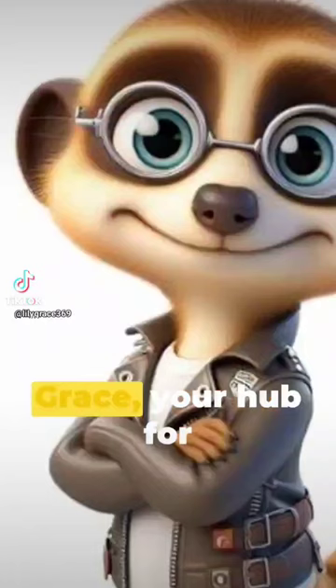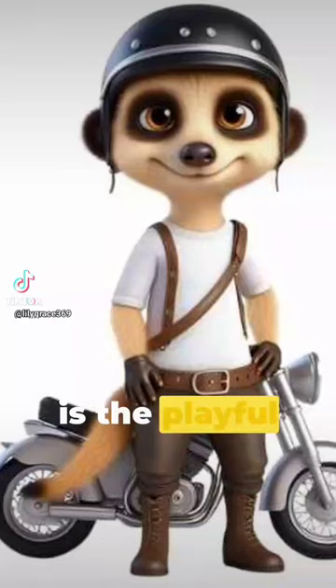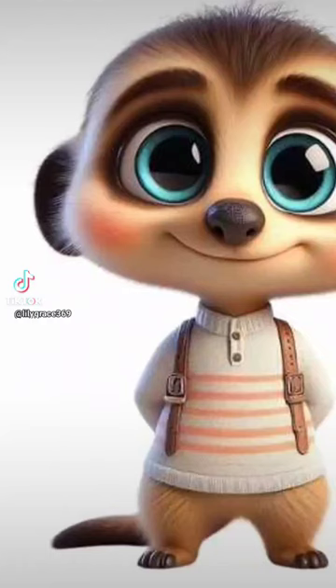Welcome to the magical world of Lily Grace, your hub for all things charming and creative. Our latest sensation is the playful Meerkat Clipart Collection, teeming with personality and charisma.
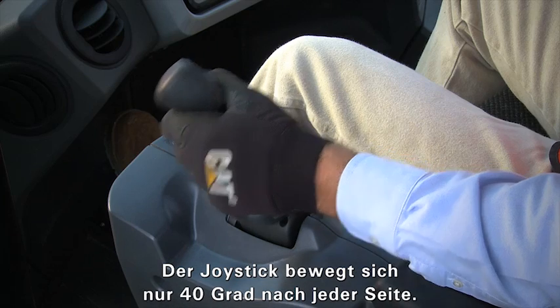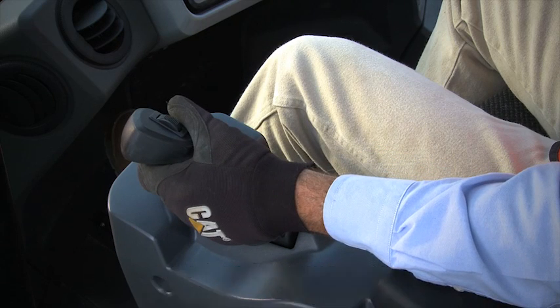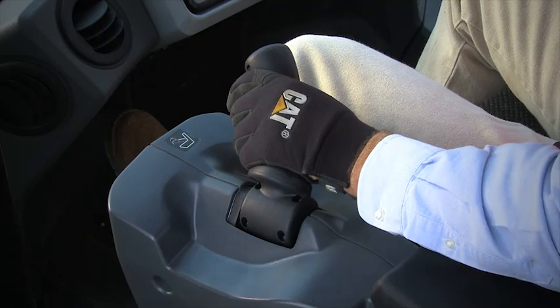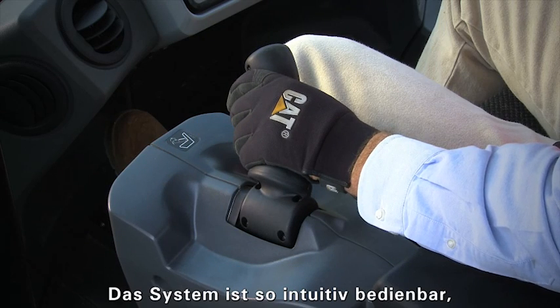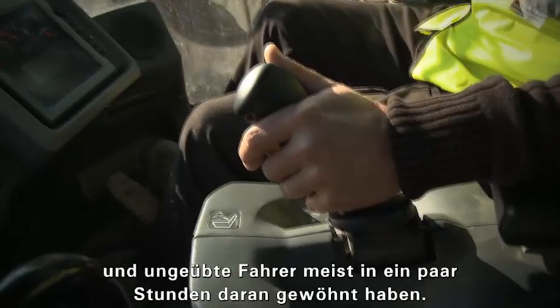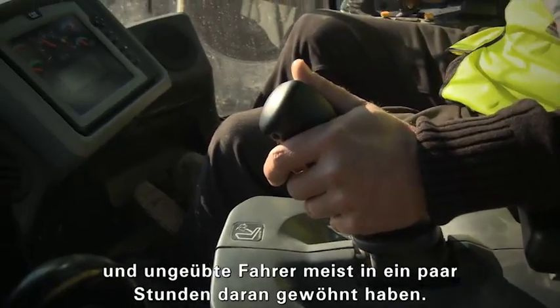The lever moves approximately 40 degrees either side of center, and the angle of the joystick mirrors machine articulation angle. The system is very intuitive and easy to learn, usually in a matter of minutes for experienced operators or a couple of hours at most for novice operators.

────────

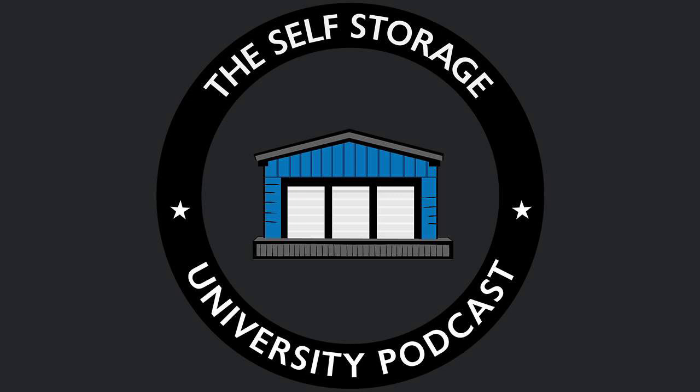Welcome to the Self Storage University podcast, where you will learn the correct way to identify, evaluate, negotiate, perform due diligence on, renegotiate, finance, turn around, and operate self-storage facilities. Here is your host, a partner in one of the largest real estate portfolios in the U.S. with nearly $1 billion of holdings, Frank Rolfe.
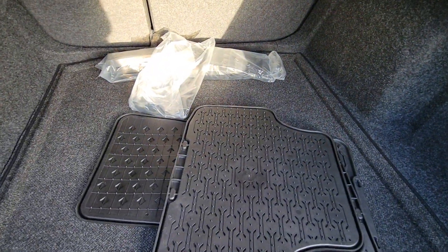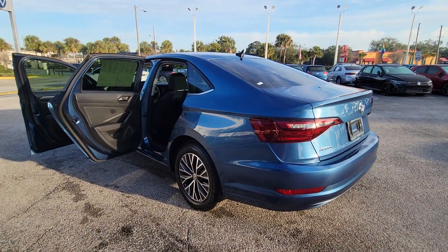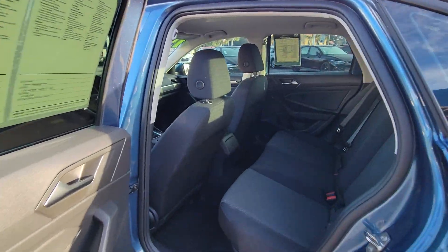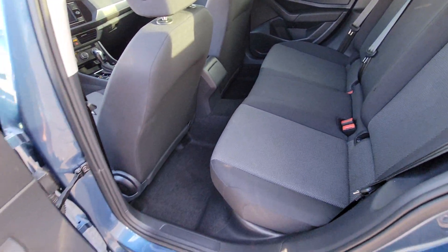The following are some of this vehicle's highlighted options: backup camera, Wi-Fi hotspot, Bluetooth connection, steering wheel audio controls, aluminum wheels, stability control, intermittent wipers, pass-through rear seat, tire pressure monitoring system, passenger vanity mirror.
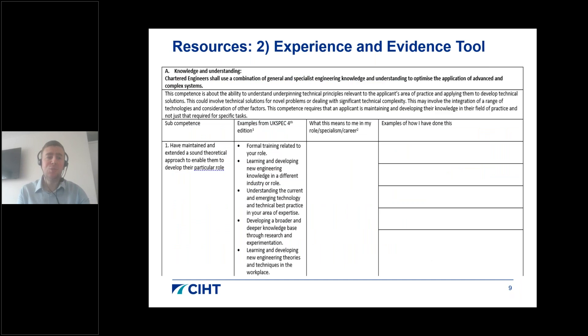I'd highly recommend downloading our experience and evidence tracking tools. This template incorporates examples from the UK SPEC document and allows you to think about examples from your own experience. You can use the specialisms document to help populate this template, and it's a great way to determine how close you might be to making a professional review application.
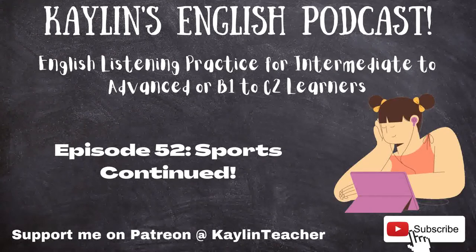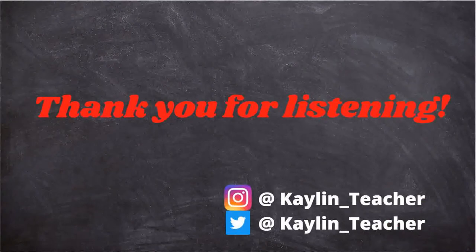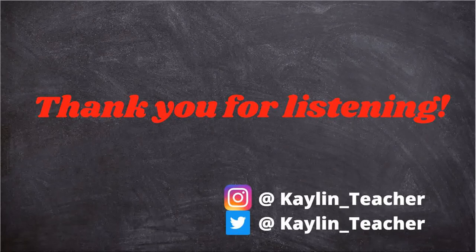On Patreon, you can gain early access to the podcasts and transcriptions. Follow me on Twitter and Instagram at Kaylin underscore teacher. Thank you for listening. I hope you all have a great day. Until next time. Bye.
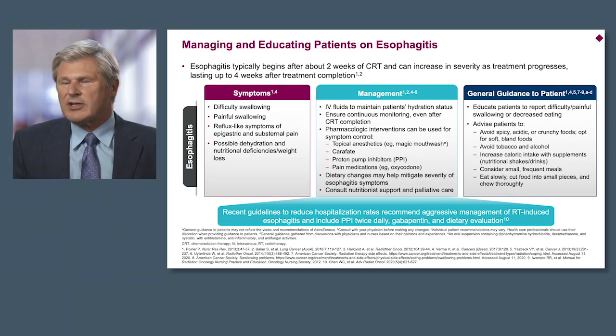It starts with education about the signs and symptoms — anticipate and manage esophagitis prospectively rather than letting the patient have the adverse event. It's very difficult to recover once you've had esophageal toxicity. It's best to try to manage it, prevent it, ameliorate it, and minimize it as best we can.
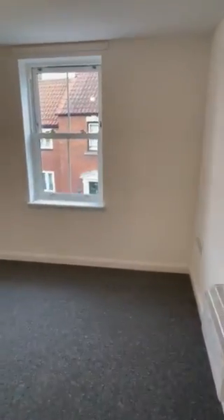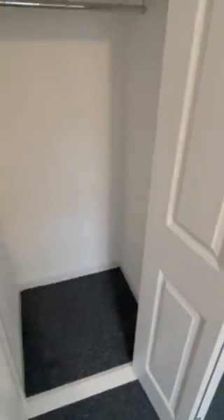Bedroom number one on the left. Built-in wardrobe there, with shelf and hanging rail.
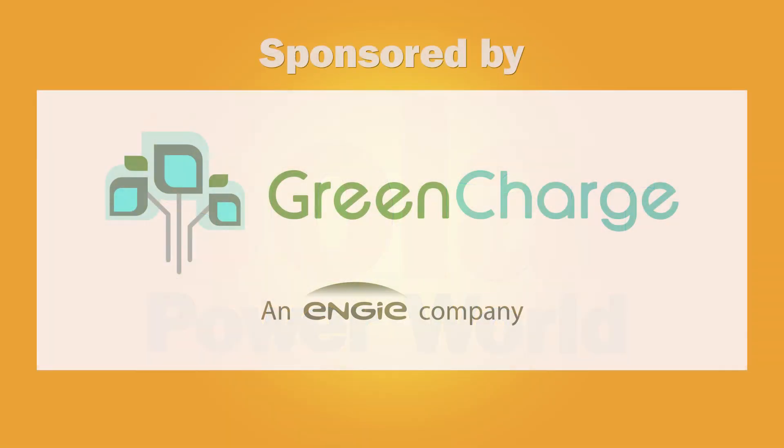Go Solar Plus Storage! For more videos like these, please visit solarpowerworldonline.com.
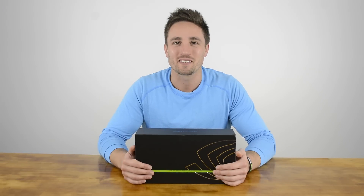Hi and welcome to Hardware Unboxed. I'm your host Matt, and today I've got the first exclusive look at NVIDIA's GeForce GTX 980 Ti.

────────

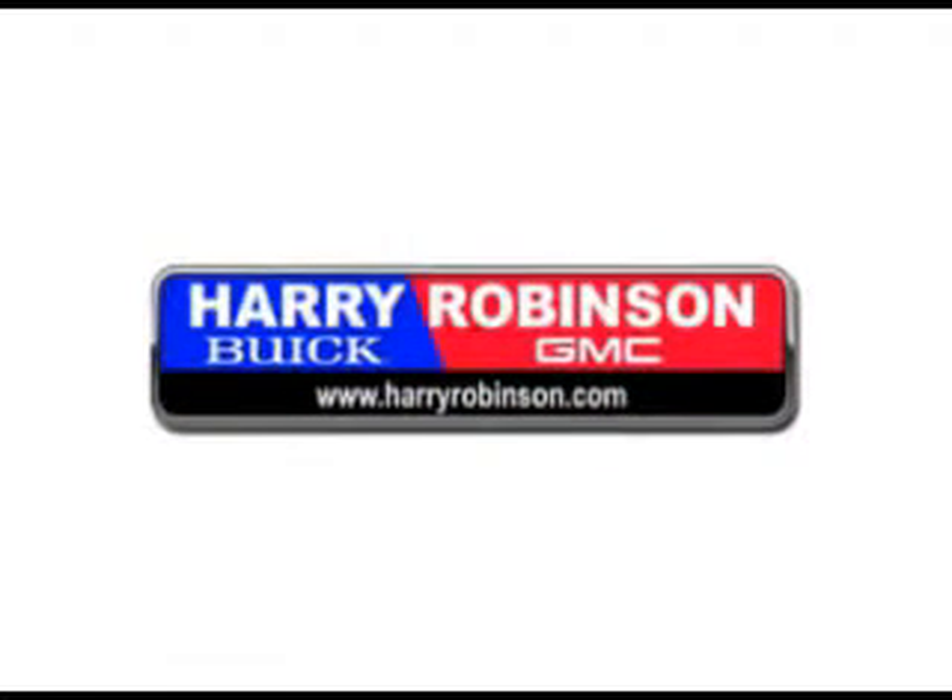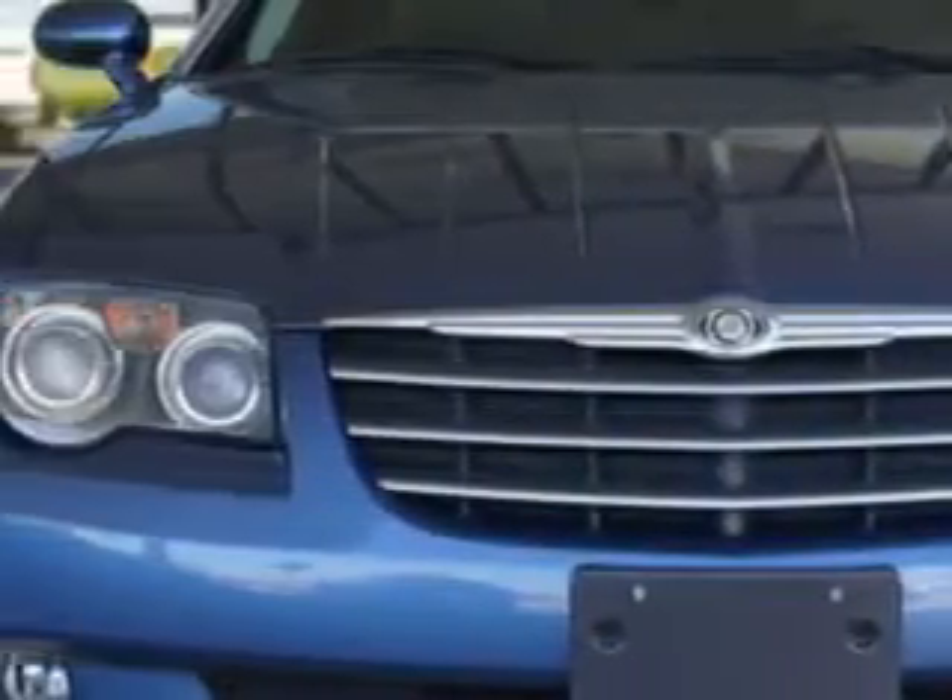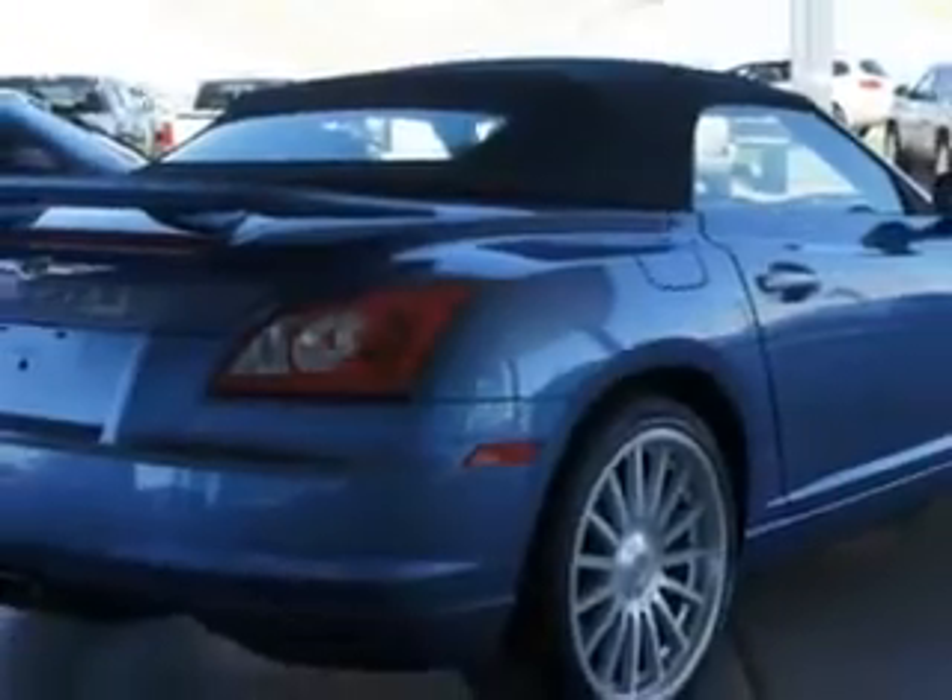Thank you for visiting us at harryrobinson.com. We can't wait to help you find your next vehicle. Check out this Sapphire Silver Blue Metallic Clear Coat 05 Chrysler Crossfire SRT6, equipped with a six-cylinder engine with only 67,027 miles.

────────

Return exactly the lines of the material above, starting at the line containing "Welcome to the magical" and finishing at the line containing "The lever moves", without any pictures.

Welcome to the magical world of Lily Grace, your hub for all things charming and creative. Our latest sensation is the playful Meerkat Clipart Collection, teeming with personality and charisma.
The lever moves approximately 40 degrees either side of center, and the angle of the joystick mirrors machine articulation angle. The system is very intuitive and easy to learn, usually in a matter of minutes for experienced operators or a couple of hours at most for novice operators.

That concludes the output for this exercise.